Driving on slopes and mountain roads can’t hurt the fuel efficiency
When your car has to climb slopes, the engine has to constantly work extra hard to make sure that power is delivered properly to the wheels. This, in turn, has a direct effect on the car’s fuel efficiency. As compared to plains, your car’s mileage drops drastically on mountain roads because of the reason explained above.
Braking and mileage are not connected
Brakes are applied in a car when one needs to slow down or stop. However, some drivers have a habit of constantly using brakes when even lifting off your foot from the accelerator can do the job. Unnecessary usage of brakes not only leads to wear and tear of brake pads but also lowers the fuel efficiency. This is because every time you apply brakes, the speed of the car reduces by quite a margin and the engine has to again work hard to bring up the speed when the accelerator is pressed. Therefore, only use brakes when required and try to learn other practices such as engine braking.
Weather does not affect mileage
It does, though not in a very big way. Every engine has an optimum temperature at which it can perform best. However, in winters, reaching the optimum engine temperature takes much more time than say in summers. Several other complicated bits inside and around the engine also don’t function well until the optimum temperature is reached and hence more fuel is burnt to produce the same amount of power that the engine usually develops at lower RPMs. Hence, fuel efficiency takes a hit during winters. Those of you who might be thinking summers to be the time of good fuel efficiency, think again. During summers, the AC is used which takes a toll on the mileage. High wind conditions can also affect fuel efficiency and so do other weather conditions like rain.
Weight and fuel efficiency are not related
Putting it simply, the lighter your car is, the less work engine has to do in order to move it. And the lesser work an engine does, the better is its fuel efficiency as the fuel consumption is less. Therefore, don’t overload your vehicle and also remove unnecessary heavy goods from your boot if you don’t need them. Creating a dump yard inside your car will only result in lower mileage.
Keeping clutch pressed while standstill does not affect mileage
Keeping your foot on the clutch lever even when the car is stationary (with the engine on of course) is another thing you are doing wrong.
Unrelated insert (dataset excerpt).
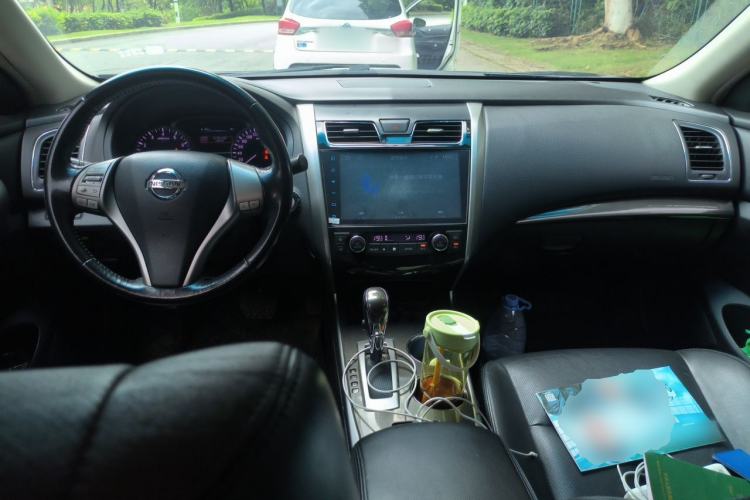 Used Nissan Teana 2013 2.0L XL Comfort Edition Center Console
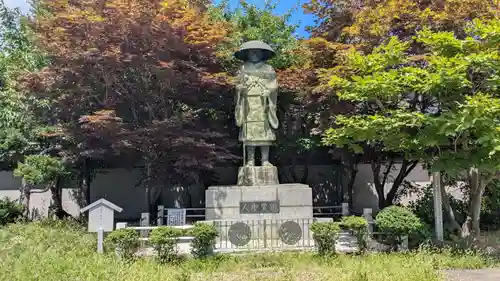 西本願寺札幌別院の像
In fact, keeping your foot on the clutch is completely wrong in any scenario except when changing gears or when in heavy traffic. This not only wears down your clutch plate but also affects the fuel efficiency negatively.
Mileage has no connection with Regular servicing
Getting your car serviced regularly is very important for it to function at its best but sadly, many drivers neglect this fact. Regular servicing is one of the simplest ways to ensure that your car runs trouble free in the long run and its mileage is kept at optimum levels. This is because when all the components of a car including the engine and other bits are serviced, all oils checked and other checkups are done, the car is ready to perform at its full potential. When the engine is running problem free, its fuel efficiency automatically goes up.